**WHAT YOU HAVE TO DO**
Where a line looks odd, keep it as it is and transcribe all the material.

**DATASET EXTRACT**
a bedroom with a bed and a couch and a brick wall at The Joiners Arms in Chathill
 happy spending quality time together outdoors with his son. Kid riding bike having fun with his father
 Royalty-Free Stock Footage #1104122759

**RESPONSE AREA**
a bedroom with a bed and a couch and a brick wall at The Joiners Arms in Chathill
 happy spending quality time together outdoors with his son. Kid riding bike having fun with his father
 Royalty-Free Stock Footage #1104122759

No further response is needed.